Helpful hints with decluttering and staying organized:

• make the decision that you want to have a more organized environment

• look at photos of beautiful clutter free rooms and envision living that way

• list your "why" for wanting to change and any reasons "why not"

• recruit an emotional support person(s), someone who will celebrate even the smallest of victories

• join a face book group, there are several private groups for people looking for support in their journey

• seek professional counseling, if necessary, some people keep items that have emotional meaning or fills a void in their life

• take the items to the donation center as soon as you can, even if it is a small load

• make a list of what rooms you want to organize, then break it down to specific areas (cupboard, dressers, shelves, drawers)

• break down in smaller time frames, commit to increments of 20-30 minutes per day (if making it a day project take frequent breaks)

• if you find it hard to part with sentimental items, take pictures before giving the items away

For me, just getting started with decluttering was a challenge. Being a single mom since my children were very young, I have accumulated a lot of stuff. Pitching and organizing was the last thing on my priority list.  Looking around I thought, "Where do I start?".  I had my garage filled with many items to either donate, give away, or sell. Unfortunately, they were sitting there waiting for me to take action. I finally decided my only objective was to simplify my life and get rid of the clutter. With that, I decided to donate anything I was not using, get rid of unnecessary paper, and organize my home.
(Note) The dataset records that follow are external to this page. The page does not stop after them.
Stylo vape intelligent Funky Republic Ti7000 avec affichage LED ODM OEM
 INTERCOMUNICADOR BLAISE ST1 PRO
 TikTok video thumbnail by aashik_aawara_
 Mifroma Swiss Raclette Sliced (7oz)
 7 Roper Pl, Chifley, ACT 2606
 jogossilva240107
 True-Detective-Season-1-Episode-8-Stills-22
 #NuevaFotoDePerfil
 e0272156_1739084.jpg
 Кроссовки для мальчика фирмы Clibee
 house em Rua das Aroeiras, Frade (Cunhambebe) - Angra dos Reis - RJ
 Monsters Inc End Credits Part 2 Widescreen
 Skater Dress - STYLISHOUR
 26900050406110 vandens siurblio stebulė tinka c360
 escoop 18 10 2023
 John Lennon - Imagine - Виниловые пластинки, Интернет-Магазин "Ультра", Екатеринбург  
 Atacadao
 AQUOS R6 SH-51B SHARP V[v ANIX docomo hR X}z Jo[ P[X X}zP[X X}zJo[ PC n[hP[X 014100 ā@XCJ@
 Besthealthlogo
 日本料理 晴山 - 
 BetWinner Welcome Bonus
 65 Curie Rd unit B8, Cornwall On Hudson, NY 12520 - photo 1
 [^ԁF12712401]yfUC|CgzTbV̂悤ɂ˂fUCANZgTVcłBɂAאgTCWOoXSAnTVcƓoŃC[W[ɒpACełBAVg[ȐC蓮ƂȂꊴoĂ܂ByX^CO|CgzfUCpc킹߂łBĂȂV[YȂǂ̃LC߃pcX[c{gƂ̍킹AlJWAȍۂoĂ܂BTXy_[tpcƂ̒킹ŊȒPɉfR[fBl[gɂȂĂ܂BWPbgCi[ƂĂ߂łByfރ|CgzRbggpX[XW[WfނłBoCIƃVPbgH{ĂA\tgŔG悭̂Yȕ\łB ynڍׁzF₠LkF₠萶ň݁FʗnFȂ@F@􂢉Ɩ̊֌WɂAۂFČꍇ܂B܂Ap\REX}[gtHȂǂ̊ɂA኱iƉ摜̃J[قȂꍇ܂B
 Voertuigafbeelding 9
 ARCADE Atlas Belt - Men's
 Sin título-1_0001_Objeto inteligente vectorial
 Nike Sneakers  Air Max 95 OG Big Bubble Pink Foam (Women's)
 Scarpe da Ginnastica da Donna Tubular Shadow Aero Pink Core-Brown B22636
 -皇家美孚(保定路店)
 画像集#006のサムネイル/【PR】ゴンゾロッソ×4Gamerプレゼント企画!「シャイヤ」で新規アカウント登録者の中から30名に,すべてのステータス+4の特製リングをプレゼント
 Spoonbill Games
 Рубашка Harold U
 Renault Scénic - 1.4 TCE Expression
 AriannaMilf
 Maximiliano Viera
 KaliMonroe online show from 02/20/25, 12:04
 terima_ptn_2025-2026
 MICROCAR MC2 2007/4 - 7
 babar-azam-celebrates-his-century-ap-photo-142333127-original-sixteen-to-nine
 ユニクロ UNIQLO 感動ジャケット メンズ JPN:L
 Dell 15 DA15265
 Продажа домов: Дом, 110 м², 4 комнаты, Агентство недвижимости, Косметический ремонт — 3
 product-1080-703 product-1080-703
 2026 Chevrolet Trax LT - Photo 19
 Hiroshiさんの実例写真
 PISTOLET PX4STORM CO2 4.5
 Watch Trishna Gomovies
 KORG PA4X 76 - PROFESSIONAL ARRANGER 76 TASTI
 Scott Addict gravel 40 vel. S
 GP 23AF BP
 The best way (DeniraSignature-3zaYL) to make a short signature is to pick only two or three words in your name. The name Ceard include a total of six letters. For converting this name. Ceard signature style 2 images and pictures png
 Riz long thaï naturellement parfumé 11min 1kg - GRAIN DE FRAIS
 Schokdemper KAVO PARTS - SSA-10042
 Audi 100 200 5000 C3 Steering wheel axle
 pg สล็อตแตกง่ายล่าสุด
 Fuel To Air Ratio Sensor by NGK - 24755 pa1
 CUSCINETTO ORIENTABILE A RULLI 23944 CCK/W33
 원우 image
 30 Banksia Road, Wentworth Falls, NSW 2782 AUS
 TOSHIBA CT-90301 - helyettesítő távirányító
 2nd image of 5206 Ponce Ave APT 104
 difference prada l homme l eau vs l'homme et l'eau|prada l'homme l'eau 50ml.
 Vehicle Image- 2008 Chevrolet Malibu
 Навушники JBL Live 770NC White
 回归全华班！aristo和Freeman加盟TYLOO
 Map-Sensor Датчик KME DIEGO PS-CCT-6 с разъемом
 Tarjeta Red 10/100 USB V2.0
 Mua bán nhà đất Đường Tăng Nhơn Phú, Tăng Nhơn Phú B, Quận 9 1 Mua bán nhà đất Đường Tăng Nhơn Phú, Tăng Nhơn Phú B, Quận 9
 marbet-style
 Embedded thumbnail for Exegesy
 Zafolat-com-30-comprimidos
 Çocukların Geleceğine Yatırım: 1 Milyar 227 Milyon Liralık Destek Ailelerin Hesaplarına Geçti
I needed to address every room in my home, I felt lost and overwhelmed.  I needed a plan on how to break this down. I needed to feel good about the small steps and not focus on completing everything. 

Luckily, I found Suzanna Kaye. She is a professional organizer and offers online group programs. I am sure there are other professional organizers, but I found Suzanna’s support and teaching to be fantastic. Her classes were affordable, allowed me to go at my own pace, and to choose what I wanted to work on. I started with a system to deal with incoming papers so they would not continue to build up. I decided to organize my important papers with her Spark life program. I started one dresser, one cupboard, and one file drawer at a time. I took pictures before and after, and loved how my home evolved. Now when I look around, I love my home! I welcome friends and family and do not have to be embarrassed. I have no financial connection with Suzanna Kaye. She is an expert in organizing, and her great personality is very motivating. Check out her website

It doesn't matter how you get started, the only thing that is important is that you do. For peace of mind, body, and spirit, it is important to live in an environment that allows you to relax and feel at peace. Remember, it takes time to change habits. You can do it, one step at a time.